→ What you are asked to do: Print out the entries from the line containing "Apartment Two-bedroom With Sea View In *" through the last line, exactly, and print nothing else. Pictures are not copied.

[Recorded data]
____

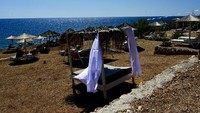 Pulau romantis yang dikelilingi birunya laut lonia ini merupakan lokasi syuting film Descendants of the Sun lho. 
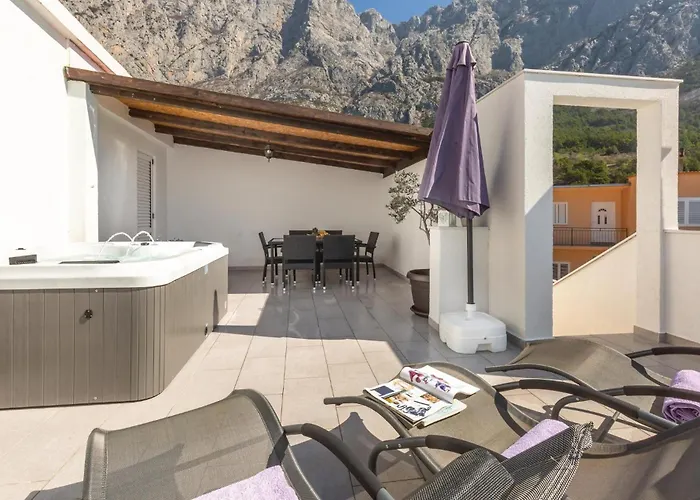 Apartment Two-bedroom With Sea View In *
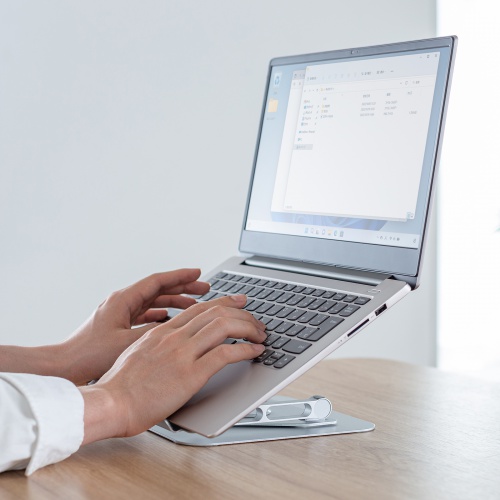 ノートパソコンを操作している画像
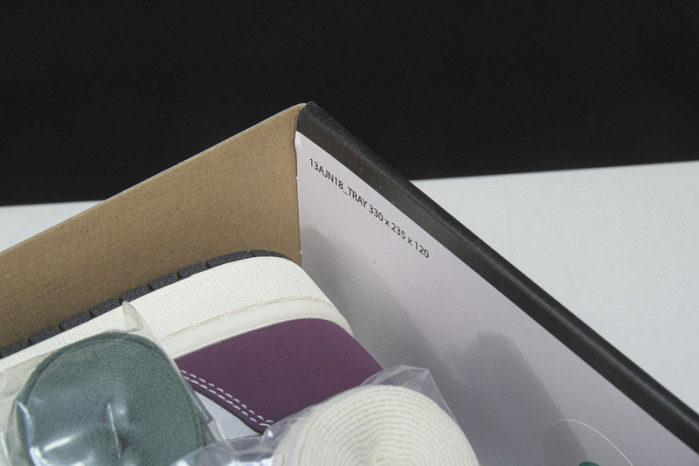 Air Jordan 1 High OG “Hand Crafted” DH3097-001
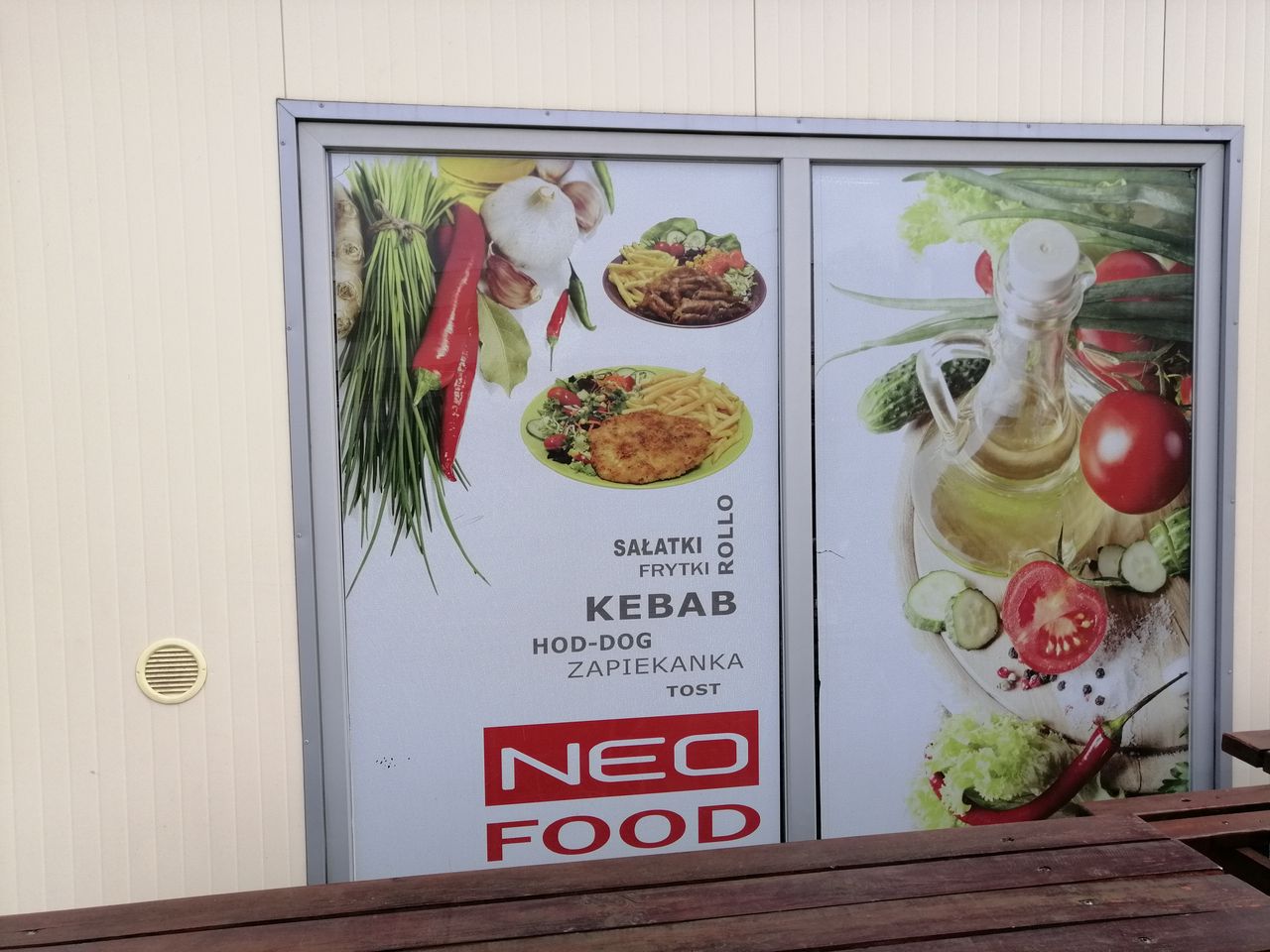 Kebab, hot-dog, więcej coli niż wody. W szpitalach łatwiej o "śmieciową" żywność niż o owoce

____

→ Solution for this exercise:
 Apartment Two-bedroom With Sea View In *
 ノートパソコンを操作している画像
 Air Jordan 1 High OG “Hand Crafted” DH3097-001
 Kebab, hot-dog, więcej coli niż wody. W szpitalach łatwiej o "śmieciową" żywność niż o owoce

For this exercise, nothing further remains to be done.